[[ Exercise material, beginning ]]

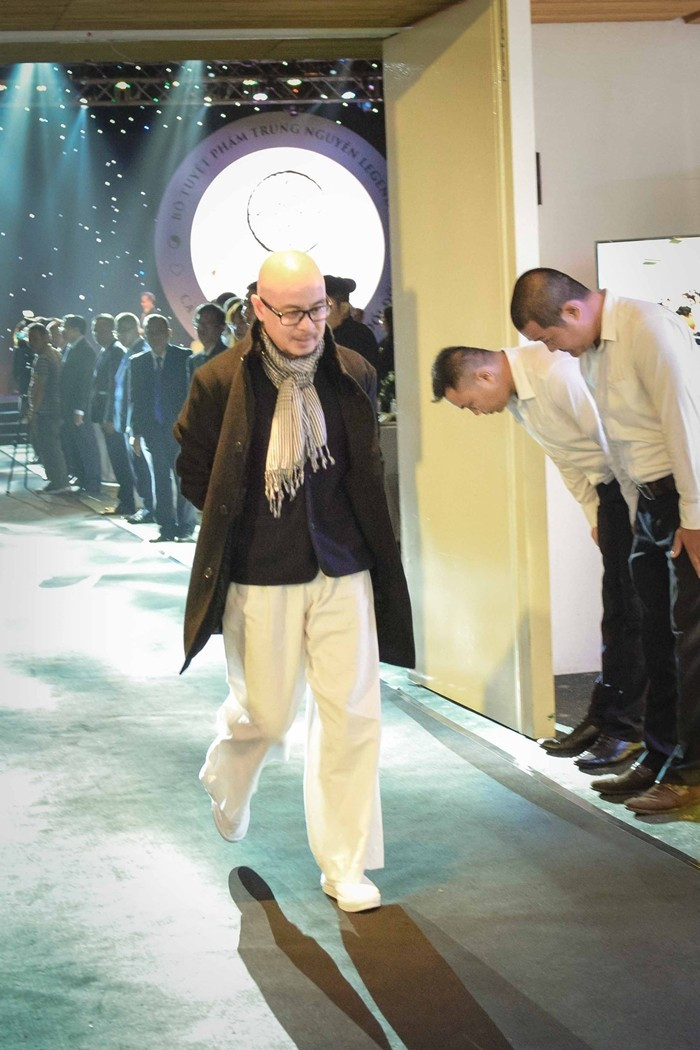 View - Những món đồ chưa đến 100.000 đồng của "vua cà phê" Đặng Lê Nguyên Vũ | Báo Tri thức và Cuộc sống - TIN TỨC PHỔ BIẾN KIẾN THỨC 24H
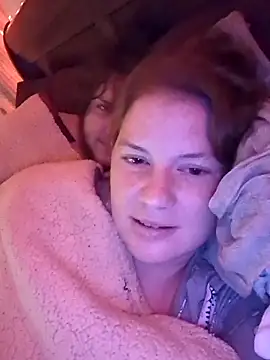 katiebugg22 online show from September 28, 1:56 am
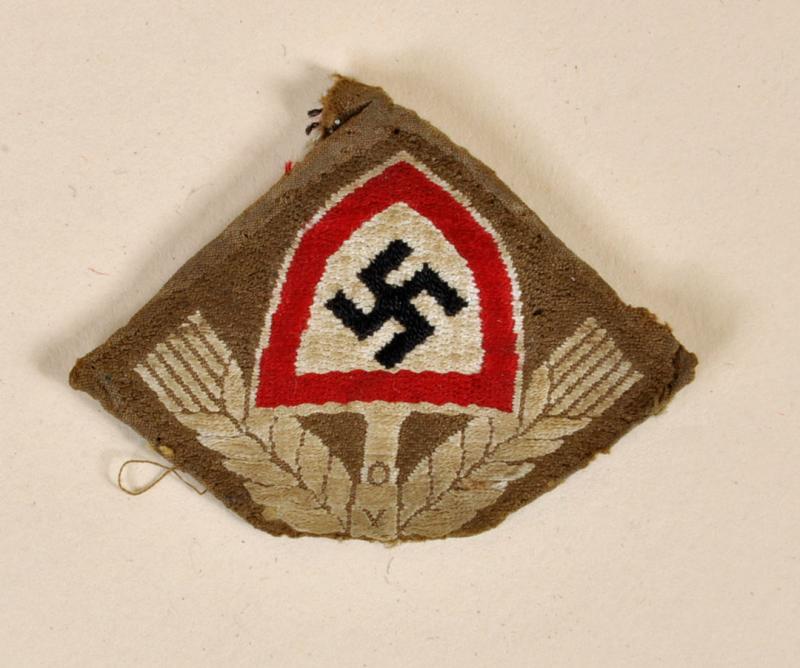 GERMAN WWII RAD BEVO WOVEN CAP INSIGNIA.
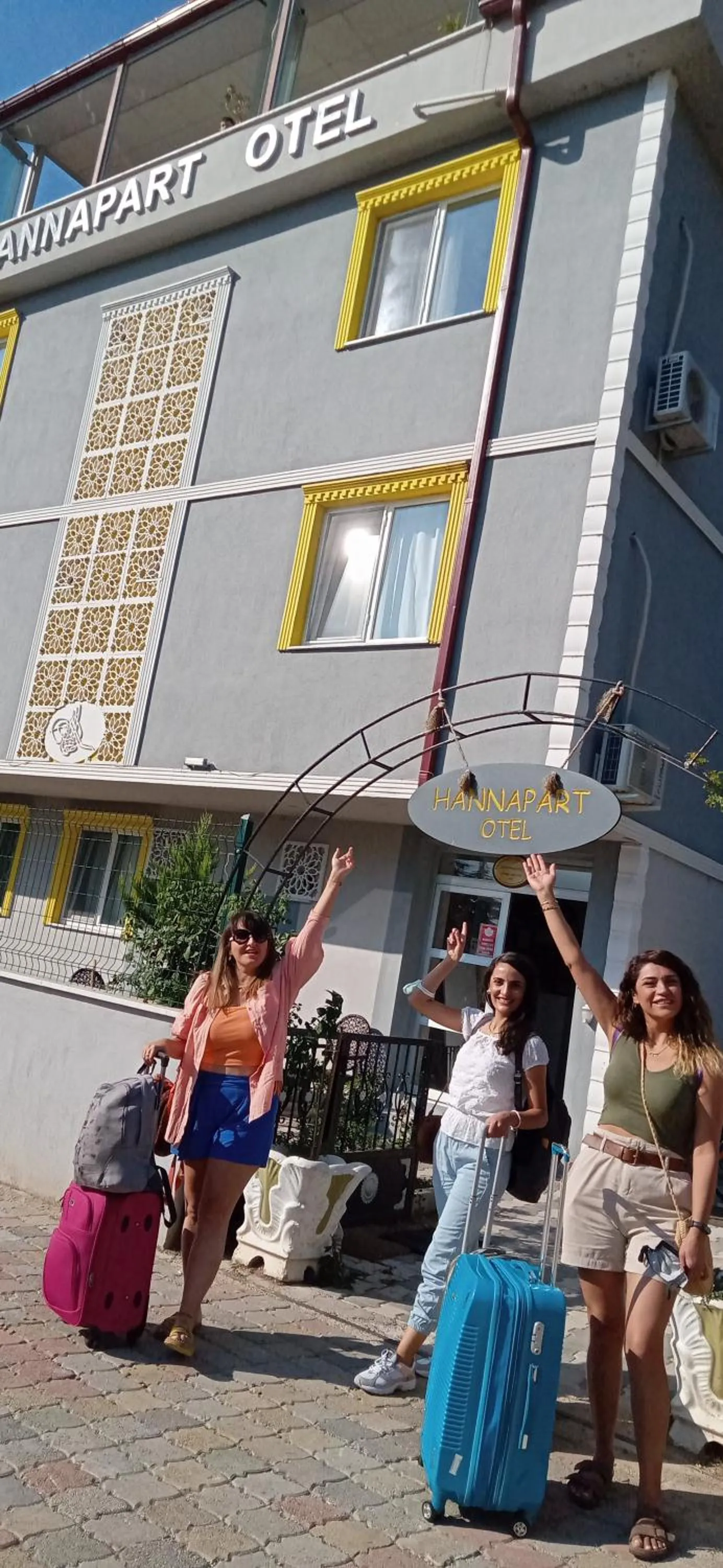 Property building in Hannapart Otel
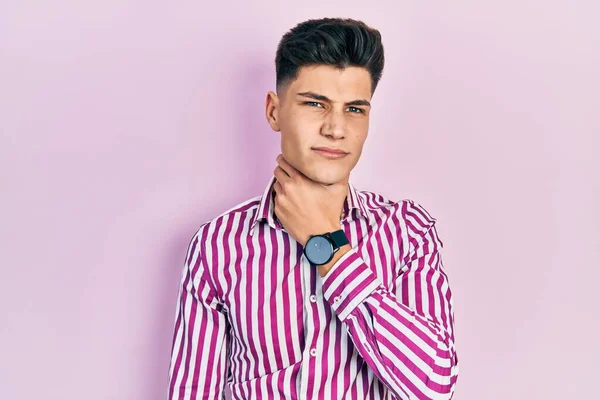 Hombre Hispano Joven Que Usa Ropa Casual Tocando Cuello Doloroso — Foto de Stock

[[ Exercise material, end ]]

# [Work order]
Please return only the lines from the top of the data through the line with "Property building in Hannapart Otel", exactly as written, and drop every picture.

# [Exercise result]
 View - Những món đồ chưa đến 100.000 đồng của "vua cà phê" Đặng Lê Nguyên Vũ | Báo Tri thức và Cuộc sống - TIN TỨC PHỔ BIẾN KIẾN THỨC 24H
 katiebugg22 online show from September 28, 1:56 am
 GERMAN WWII RAD BEVO WOVEN CAP INSIGNIA.
 Property building in Hannapart Otel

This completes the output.